Oracle Horizontal Partitioning – How to Sort Fetched Data

javaoraclepagingpartitioning

I have a telco billing software system. In it there are daily logs of users' calls. The logs are horizontally partitioned by date (month). Each partition is stored in a separate database and may be spread over multiple instances.

In the UI the user will specify a date range. The data returned can be sorted on any field. The date range may span over multiple partitions. The application must support paging through the date range's data.

I cannot load too many records into memory for sorting. Putting sort inside the query only gives me sorted data inside one result-set.

So I need to sort data from multiple partitions which are each individually sorted. How can I return sorted records to the UI from multiple sorted result-sets?

Best Answer

It sounds like your architecture has gone past partitioning and is sharded.

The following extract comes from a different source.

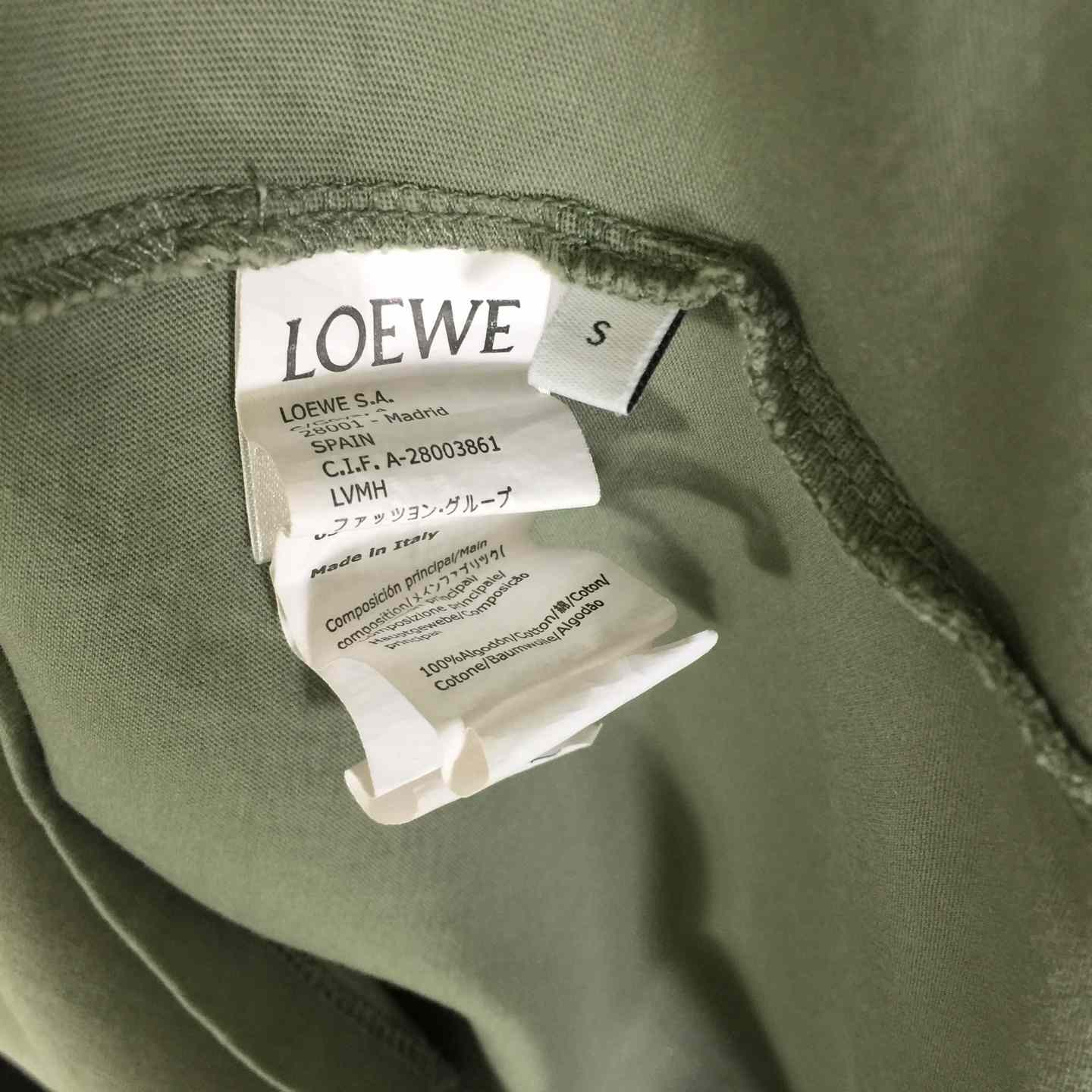 Loewe Relaxed fit T-shirt In Cotton - FashionPlug
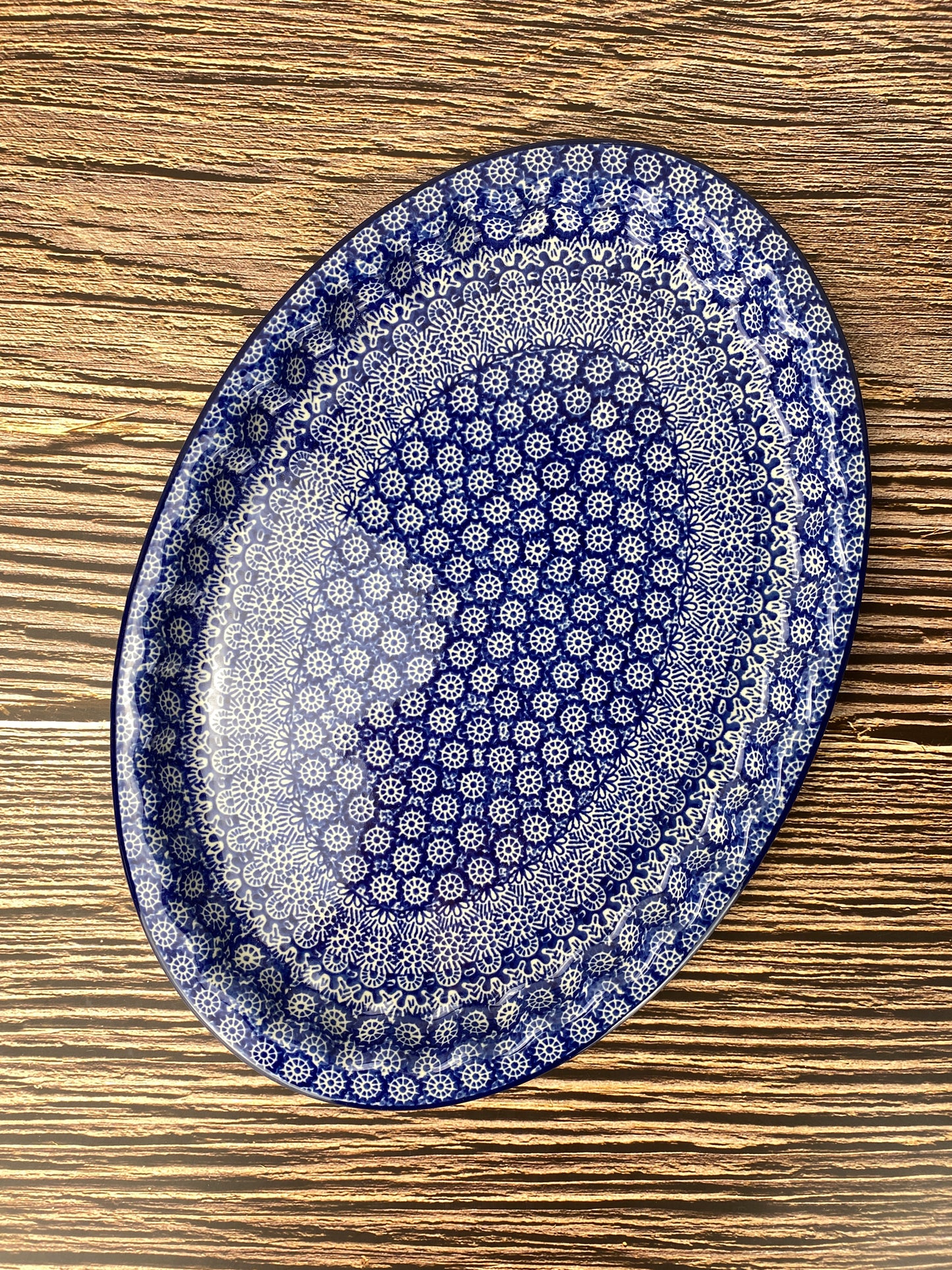 SALE Oval Platter - Shape 614 - Pattern 884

If you have system software or an application framework in place which can handle sharding that is where this requirement should be implemented.

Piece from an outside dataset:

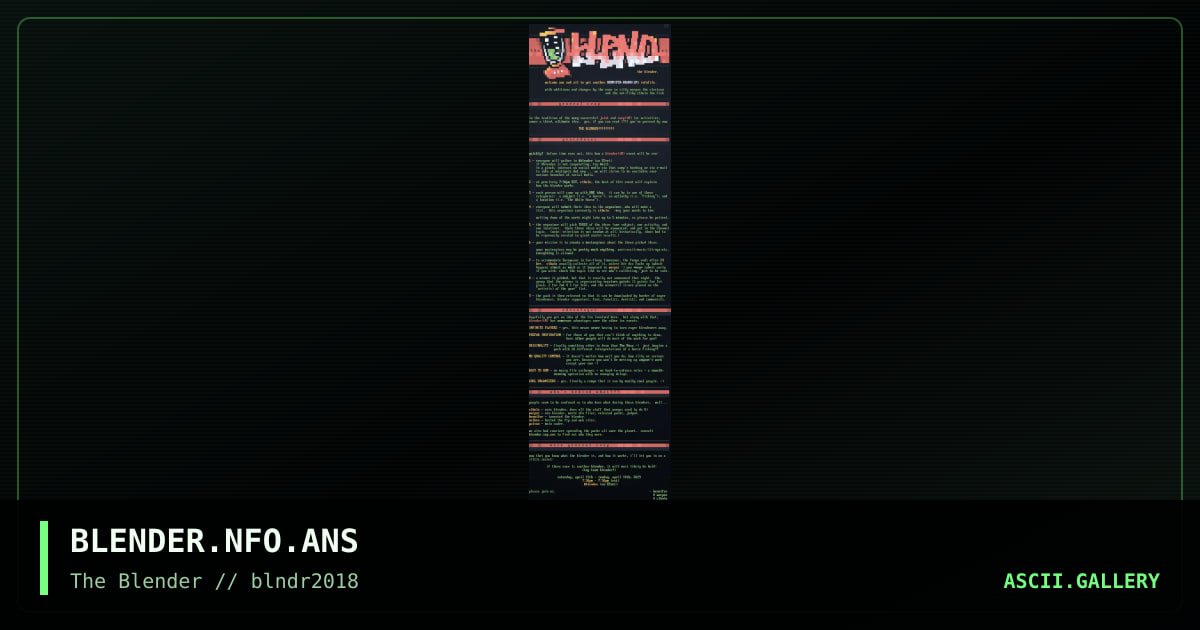 Blender instructions, by cthulu, 2018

In order to get the correct sort sequence you will have to have the results from all involved shards in the same place at the same time. There is no way to get some results from one shard and then get more results from another shard and be able to guarantee any sort sequence the user may choose.

One way (as BriteSponge suggested) would be to define a view which spans all the shards. Let the DBMS deal with the complexities of marshalling the various shards' results sets. This would be my preferred solution if it can be managed. It separates the application from the DB implementation details.

If you have to write this yourself there is some hope in the fact you have paging in place. This limits the maximum number or rows you will show in the UI and, therefore, the maximum number of rows that have to be returned from each shard. From the date range you can determine which shards are required. To each shard you submit a query of the form

select <columns>
from <table>
where date between <start> and <end>
order by <user selection>
fetch first <number> rows only

The <number> will be the maximum number of rows you want to show in a single page in the UI. While it is unlikely they will all come from a single shard it is possible so that's what the limit must be.

If your version of Oracle does not support the final limiting clause the following will still work, but will be much less efficient.

Perform a multi-way merge on the resultsets. Stop when you reach the limit for one page in the UI. Discard the remainder of the resultsets.

When the user pages forward, re-submit the SELECT using standard paging techniques.

When the user chooses a different sort sequence amend the SQL to match and resubmit to each shard.

My preference would be to implement this server side in a stored procedure. This will keep application and storage as separate as possible. Also, rather than a multi-way merge, the various resultsets can all go into a single working table which is then sorted and the correct number of rows returned to the application.

If you do implement it client-side, rather than discarding the unused portion of the resultsets they could be cached. This which may reduce the load for subsequent pages at the cost of additional complexity.